Suppose ${\displaystyle G}$ is a nilpotent group and ${\displaystyle G_{i}}$ form a strongly central series for ${\displaystyle G}$:

${\displaystyle G=G_{1}\geq G_{2}\geq G_{3}\geq \dots \geq G_{k}=1}$.

where ${\displaystyle [G_{m},G_{n}]\leq G_{m+n}}$ is the condition for being strongly central. The associatied Lie ring to ${\displaystyle G}$ is defined as follows:

• As an Abelian group, it is the associated direct sum for the series:

${\displaystyle L=\bigoplus _{i=1}^{k-1}G_{i}/G_{i+1}}$.

• The Lie bracket is defined as follows. For ${\displaystyle {\overline {g}}\in G_{i}/G_{i+1}}$ and ${\displaystyle {\overline {h}}\in G_{j}/G_{j+1}}$, ${\displaystyle [{\overline {g}},{\overline {h}}]}$ is defined as the element of ${\displaystyle G_{i+j}/G_{i+j+1}}$ giving the coset of ${\displaystyle [g,h]}$ (here, ${\displaystyle g,h}$ are representatives of ${\displaystyle {\overline {g}},{\overline {h}}}$). The Lie bracket is then extended additively to the whole of ${\displaystyle L}$.

The fact that ${\displaystyle [g,h]\in G_{i+j}}$, as well as the fact that ${\displaystyle [{\overline {g}},{\overline {h}}]}$ is independent of the choice of representatives, follow from the condition of being strongly central. Checking that the Jacobi identity is satisfied requires some additional work.

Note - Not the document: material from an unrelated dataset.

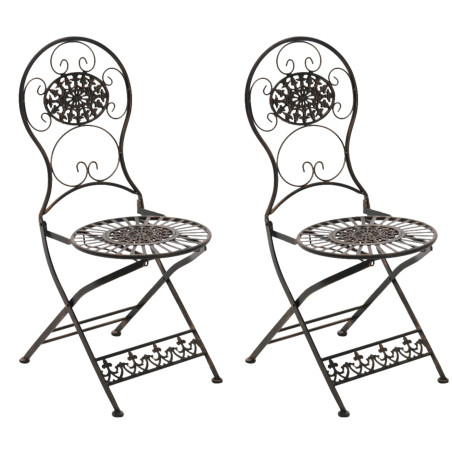 Ensemble de 2 chaises Mani bronze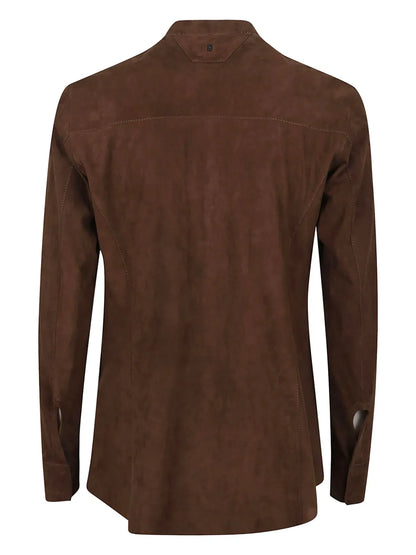 Suede Button-Up Shirt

For full proof, refer: Associated Lie ring for a strongly central series is a Lie ring

For any nilpotent group, the lower central series is strongly central (For full proof, refer: Lower central series is strongly central), and thus has an associated Lie ring. The associated Lie ring for the lower central series is simply termed the associated Lie ring -- in other words, when the strongly central series is not specified, it is assumed to be the lower central series. This Lie ring is also termed the Magnus-Sanov Lie ring.